Seulement 14 % des 15-29 ans vivent dans l’espace rural. Il faut donc faire émerger les projets ruraux, car ces territoires sont un vivier futur : ils regorgent d’espaces économiques actifs, mais aussi d’une qualité de vie indéniable. La ruralité doit prendre sa part entière aux défis d’aujourd’hui : la transition énergétique, le numérique, la mobilité.

La proposition de loi n’évoque pas le devenir des petites lignes, pourtant indispensables dans le report modal, le mix des transports. Seraient-elles d’ores et déjà condamnées ? Madame la ministre, vous avez récemment affirmé que l’entretien des réseaux avait été négligé et qu’il fallait réinjecter des finances pour « s’occuper de la mobilité et des déplacements du quotidien. » Ce que nous regrettons, une fois de plus, ce sont les chiffres.

Depuis 2011, quelque 744 kilomètres de petites lignes ont été fermés et la loi pour un nouveau pacte ferroviaire ne laisse rien présager de bon. Plusieurs syndicats ont déjà dénoncé « le sabotage des projets de maintien des petites lignes de la part de SNCF Réseau ». Dans ma région, l’Occitanie, ce sont 40 % des petites lignes qui fermeraient à l’échéance 2021.

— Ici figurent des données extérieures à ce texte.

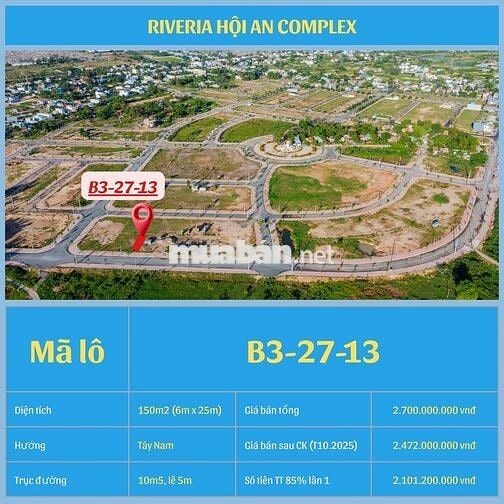 🔥 ĐẤT NỀN LIỀN KỀ HỘI AN - 150M2 - CHỈ VỚI 2 TỶ4!!!! 🔥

Vous annoncez vouloir favoriser le développement des véhicules électriques pour sortir de la dépendance au pétrole, mais la mobilité de demain exige également la restauration et le maintien de ces petites lignes. Restructurer les réseaux en tenant compte de l’objectif de désenclavement est incontournable.

Il faut renforcer les pôles d’échanges autour des lignes existantes. On supprime les très petites lignes, mais parfois aucune autre infrastructure n’existe. C’est le volontarisme politique qui valorisera nos territoires ruraux et donnera du sens à la mobilité sociale et professionnelle.

L’enclavement géographique ne peut plus avoir pour corolaire le déficit des services publics, la marginalisation numérique et la persistance d’infrastructures de transports insuffisantes. Quels que soient les efforts de ces territoires pour s’en sortir, les initiatives seront en partie entravées.

Ces territoires sont logiquement aujourd’hui le royaume de la voiture individuelle, dont il est nécessaire de sortir, nous sommes d’accord. Ainsi, quelque 80 % des personnes travaillant dans une commune où elles ne résident pas utilisent leur véhicule. L’Insee révèle que 58 % des actifs qui travaillent à moins d’un kilomètre de leur lieu de travail s’y rendent en voiture.

Les véhicules électriques pour sortir de cette dépendance au pétrole doivent s’accompagner d’une réelle politique en faveur du ferroviaire. Nous espérons que vous en tiendrez compte dans la loi à venir sur les mobilités.

Qui dit mobilité dit, enfin, vitesse abaissée à 80 kilomètres par heure. Appliquée depuis le 1er juillet 2018 sur les routes secondaires et très critiquée par bon nombre d’élus locaux et de « gilets jaunes » – c’est l’actualité –, cette mesure illustre une prise de décision unilatérale, qui n’a pas su tenir compte, notamment, des préconisations sénatoriales.

Le groupe de travail du Sénat avait pourtant relevé les insuffisances de l’expérimentation conduite. Il avait souligné la nécessité de revoir la méthode envisagée par le Gouvernement, au bénéfice d’une réduction de la vitesse sur les routes les plus accidentogènes, en incluant un travail avec les départements.